> The problem: Output, exactly as written, the lines below starting at the line containing "460 Launch Circle, Unit" and ending at the line containing "10 Elyise Road". Drop the pictures and keep both end lines.

(Source records)
[Start of section]
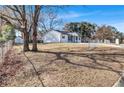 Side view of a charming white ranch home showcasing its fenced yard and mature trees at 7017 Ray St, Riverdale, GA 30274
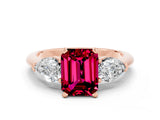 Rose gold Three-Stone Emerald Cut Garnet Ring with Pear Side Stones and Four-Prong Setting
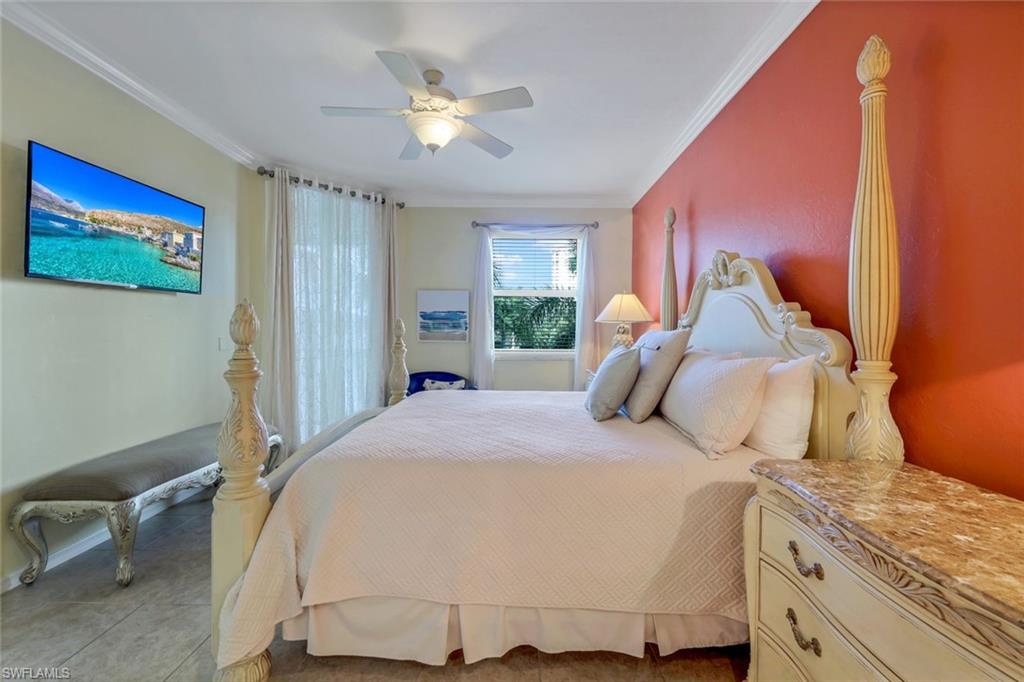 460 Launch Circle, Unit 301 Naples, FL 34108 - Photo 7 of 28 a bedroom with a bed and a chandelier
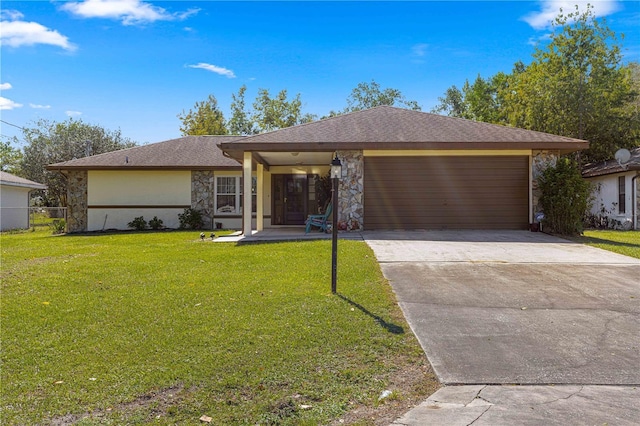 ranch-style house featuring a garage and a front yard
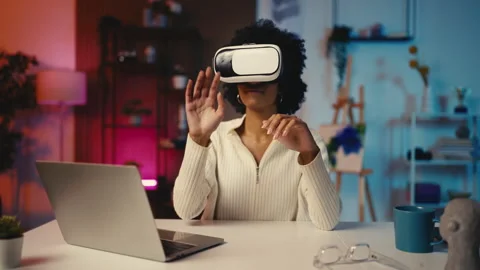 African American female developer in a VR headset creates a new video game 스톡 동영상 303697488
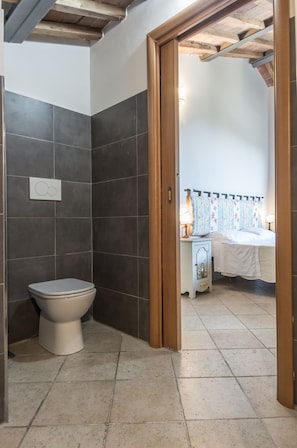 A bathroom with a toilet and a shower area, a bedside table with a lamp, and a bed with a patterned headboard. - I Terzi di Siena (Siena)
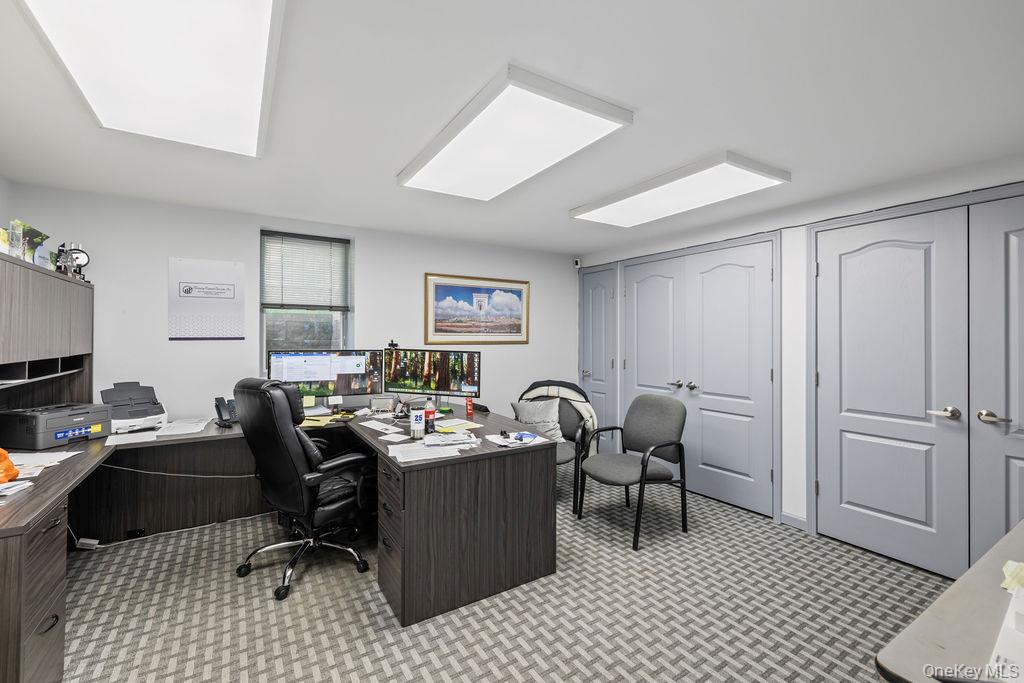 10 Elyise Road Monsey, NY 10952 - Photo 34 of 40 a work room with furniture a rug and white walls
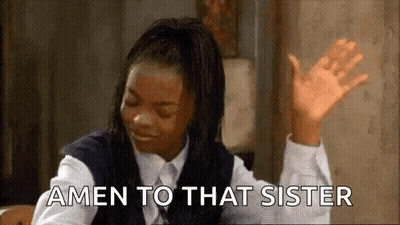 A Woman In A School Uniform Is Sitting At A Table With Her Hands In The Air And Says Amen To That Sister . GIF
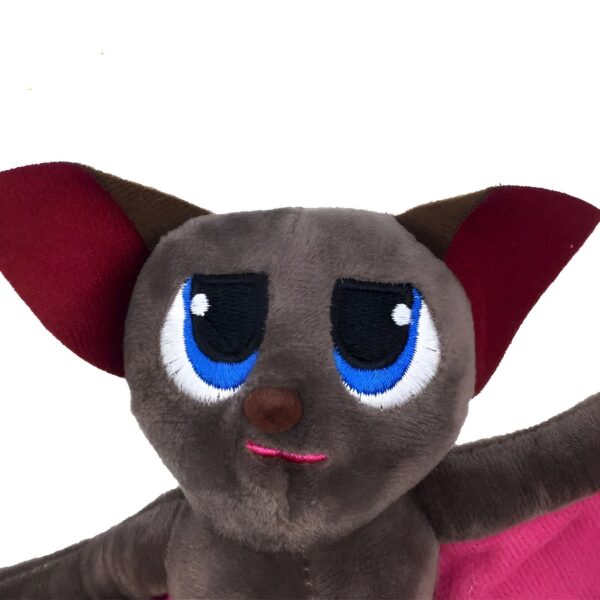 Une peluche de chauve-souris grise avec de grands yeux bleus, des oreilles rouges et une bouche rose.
[End of section]
> Your solution:
 460 Launch Circle, Unit 301 Naples, FL 34108 - Photo 7 of 28 a bedroom with a bed and a chandelier
 ranch-style house featuring a garage and a front yard
 African American female developer in a VR headset creates a new video game 스톡 동영상 303697488
 A bathroom with a toilet and a shower area, a bedside table with a lamp, and a bed with a patterned headboard. - I Terzi di Siena (Siena)
 10 Elyise Road Monsey, NY 10952 - Photo 34 of 40 a work room with furniture a rug and white walls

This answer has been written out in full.